━━━━━ RECORDS SHOWN ━━━━━
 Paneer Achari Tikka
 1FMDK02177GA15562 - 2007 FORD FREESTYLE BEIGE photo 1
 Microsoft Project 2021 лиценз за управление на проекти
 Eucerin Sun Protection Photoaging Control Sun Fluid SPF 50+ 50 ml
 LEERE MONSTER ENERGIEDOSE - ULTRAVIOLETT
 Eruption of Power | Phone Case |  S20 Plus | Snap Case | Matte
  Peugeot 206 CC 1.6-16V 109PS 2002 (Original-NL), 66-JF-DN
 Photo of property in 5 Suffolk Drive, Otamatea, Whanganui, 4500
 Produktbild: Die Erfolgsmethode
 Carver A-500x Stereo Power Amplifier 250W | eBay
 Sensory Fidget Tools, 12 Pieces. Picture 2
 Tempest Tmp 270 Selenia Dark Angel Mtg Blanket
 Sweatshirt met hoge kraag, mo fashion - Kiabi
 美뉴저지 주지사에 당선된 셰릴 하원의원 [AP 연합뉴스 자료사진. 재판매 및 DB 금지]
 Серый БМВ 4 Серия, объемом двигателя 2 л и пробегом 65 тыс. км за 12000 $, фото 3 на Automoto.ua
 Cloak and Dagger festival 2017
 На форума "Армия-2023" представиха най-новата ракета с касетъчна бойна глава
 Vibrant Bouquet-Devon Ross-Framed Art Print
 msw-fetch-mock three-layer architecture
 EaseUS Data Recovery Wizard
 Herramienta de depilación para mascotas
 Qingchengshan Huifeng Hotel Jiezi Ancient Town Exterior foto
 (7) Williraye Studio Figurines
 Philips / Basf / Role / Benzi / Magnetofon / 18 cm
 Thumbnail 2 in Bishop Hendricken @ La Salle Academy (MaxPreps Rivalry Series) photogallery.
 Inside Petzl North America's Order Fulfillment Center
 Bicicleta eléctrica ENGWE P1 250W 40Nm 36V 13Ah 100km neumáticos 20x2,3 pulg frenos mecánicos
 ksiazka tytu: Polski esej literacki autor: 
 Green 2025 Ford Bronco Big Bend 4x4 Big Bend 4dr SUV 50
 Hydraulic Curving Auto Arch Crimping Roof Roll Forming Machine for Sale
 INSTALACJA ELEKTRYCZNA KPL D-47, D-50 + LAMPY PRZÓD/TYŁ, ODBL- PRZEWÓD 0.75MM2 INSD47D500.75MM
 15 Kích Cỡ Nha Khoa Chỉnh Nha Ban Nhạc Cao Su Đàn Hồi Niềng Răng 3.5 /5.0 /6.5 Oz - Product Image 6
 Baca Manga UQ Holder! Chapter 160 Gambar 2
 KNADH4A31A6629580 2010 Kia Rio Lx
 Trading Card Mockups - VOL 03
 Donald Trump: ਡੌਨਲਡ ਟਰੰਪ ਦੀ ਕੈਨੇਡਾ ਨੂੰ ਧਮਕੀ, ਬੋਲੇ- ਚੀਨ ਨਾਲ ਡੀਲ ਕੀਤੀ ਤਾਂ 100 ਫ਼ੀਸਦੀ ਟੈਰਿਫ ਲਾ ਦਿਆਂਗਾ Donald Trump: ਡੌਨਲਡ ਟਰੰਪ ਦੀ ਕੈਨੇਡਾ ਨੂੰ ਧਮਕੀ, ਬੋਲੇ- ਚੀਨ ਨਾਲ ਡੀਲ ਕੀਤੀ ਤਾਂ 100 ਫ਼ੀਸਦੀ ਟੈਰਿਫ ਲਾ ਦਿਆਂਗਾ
━━━━━
§ REQUIRED ACTION: Would you copy out exactly the lines above that start at the one containing "Peugeot 206 CC" and end at the one containing "Sensory Fidget Tools, 12 Pieces. Picture 2", inclusive?

§ EXERCISE RESPONSE:
  Peugeot 206 CC 1.6-16V 109PS 2002 (Original-NL), 66-JF-DN
 Photo of property in 5 Suffolk Drive, Otamatea, Whanganui, 4500
 Produktbild: Die Erfolgsmethode
 Carver A-500x Stereo Power Amplifier 250W | eBay
 Sensory Fidget Tools, 12 Pieces. Picture 2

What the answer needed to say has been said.